70.   Australia is required to take into account the best interests of the child as a primary consideration, not the only primary consideration. Further, the Minister may only issue a TEO where it would substantially assist to prevent the circumstances outlined in subsections 10(2), or if the person has been assessed by ASIO as being a risk to security. The circumstances include prevention of a terrorist act or the support or facilitation of a terrorist act or preventing the training with or the provision of support or resources to a terrorist organisation listed under subsection 102.2(1) of the Criminal Code . This clearly limits the circumstances in which a TEO would impact the best interests of a child to scenarios where there is a clear risk to community safety. Where a child poses a threat to the Australian community, it is appropriate that the legitimate objective of protecting the Australian community is the paramount consideration with the best interests of the child being a primary consideration.
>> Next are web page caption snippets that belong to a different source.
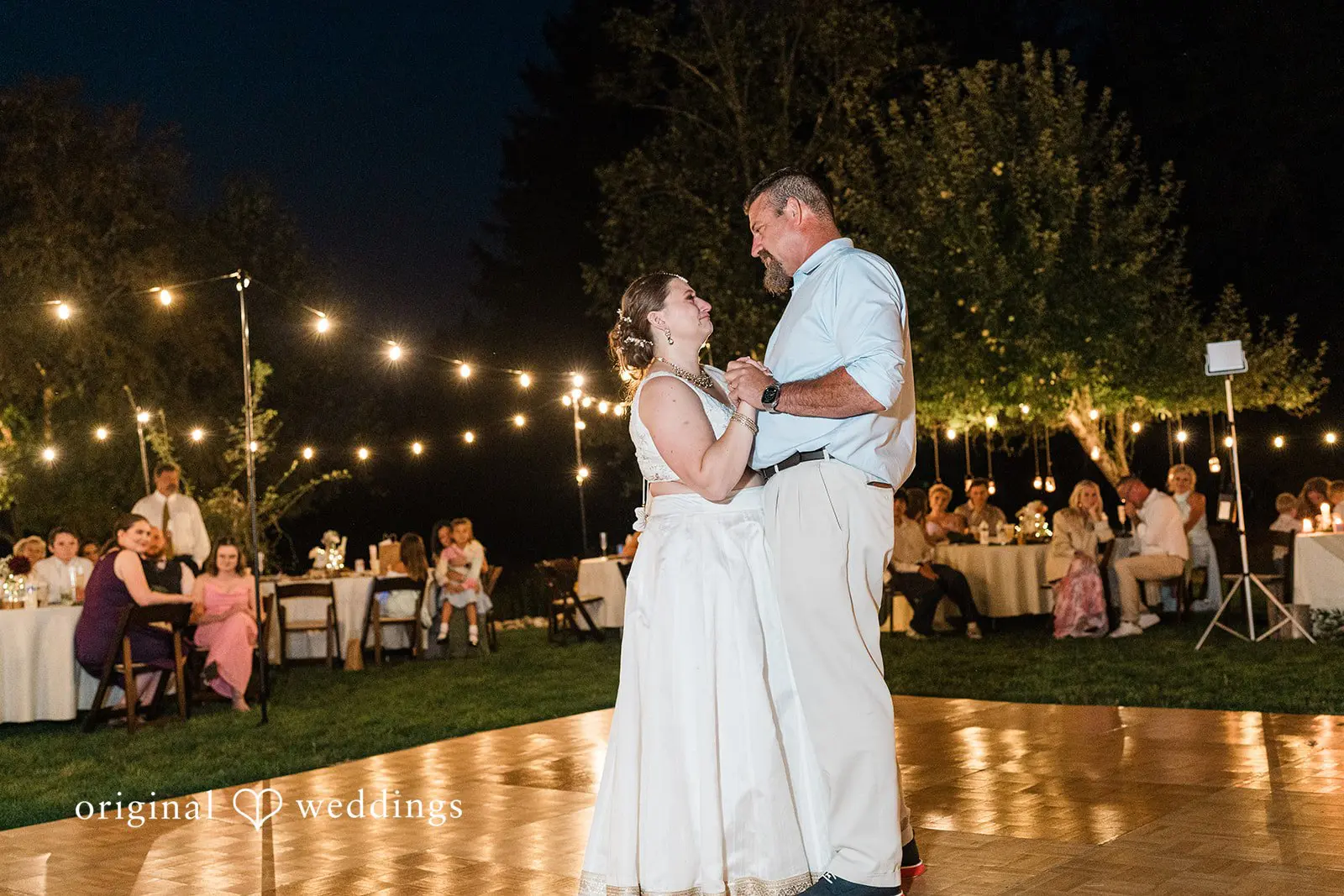 Julia + Pranay Washington Backyard Wedding // Julia & Pranay -
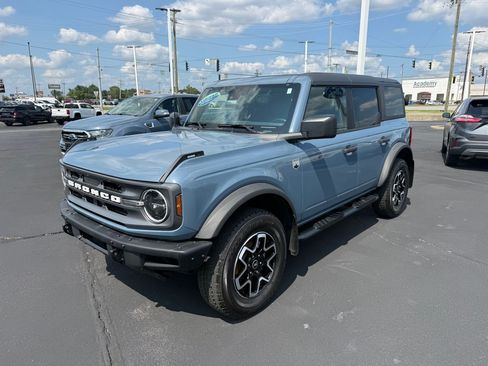 Used 2024 Ford Bronco Big Bend AWD/4WD image 1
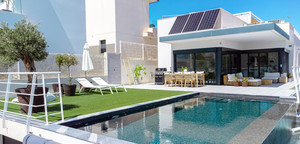 5 slaapkamer Villa te koop in San Miguel de Salinas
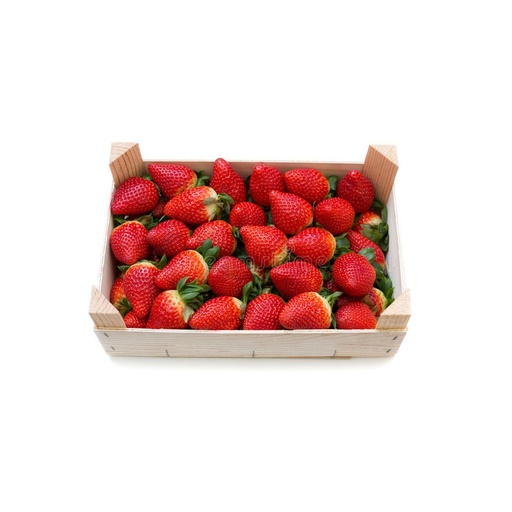 [1871] Fresas Extra Caja 1 Kilo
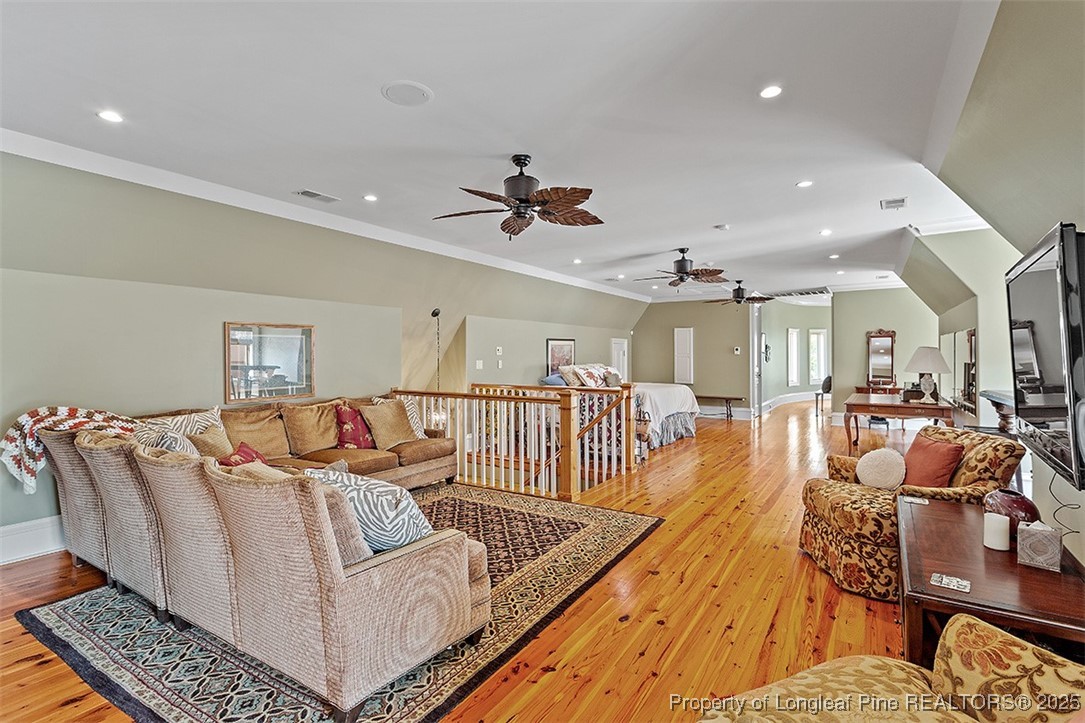 4909 Deep Branch Road Pembroke, NC 28372 - Photo 43 of 50 a living room with furniture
Family reunification - Article 10 CRC

71.   Article 10(1) of the CRC states that applications by a child or his or her parents to enter or leave a State for the purpose of family reunification shall be dealt with in a positive, humane and expeditious manner.

 

72.   Article 10(2) of the CRC states that a child whose parents reside in different States shall have the right to maintain on a regular basis, save in exceptional circumstances personal relations and direct contacts with both parents. Toward that end, States are expected to respect the right of the child and their parents to leave and enter their own country.

73.   However, although Article 10 of the CRC places obligations on State Parties to deal with applications by a child or his or her parents to enter or leave a State to be with their family in a positive, humane and expeditious manner, there is no right to family reunification under international law.  Rather the obligation is to deal with such application positively, humanely and expeditiously. Section 16(5) of the Bill requires the Minister, when issuing a return permit, to have regard to the person’s personal circumstances including the impact on any dependents under 18 years of age. This requirement ensures the impact on the family unit that a return permit may have is considered and appropriately balanced against the protection of national security and the public order.

74.   Subsection 15(3) of the Bill requires the Minister to issue a return permit within a reasonable period. This requirement indirectly ensures that decisions, which will inform the contents of a return permit, such as operational arrangements, will be made within a reasonable period. This subsection promotes an expeditious decision-making process. Although applying to all return permits, this requirement ensures that separated family units affected by the Bill are reunified within a reasonable period of time. 

75.   Subsection 16(9) of the Bill requires that the Minister must not prohibit the entry of a person subject to a return permit longer than the period reasonably necessary to assess the risk posed by the entry of the person to Australia and to make appropriate arrangements for that entry. This period of time is limited to 12 months. This requirement ensures that the person’s risk is assessed at a reasonable speed and therefore promotes an expeditious decision-making process. Although applying to all return permits, this requirement ensures that separated family units affected by the Bill are reunified within a reasonable period of time.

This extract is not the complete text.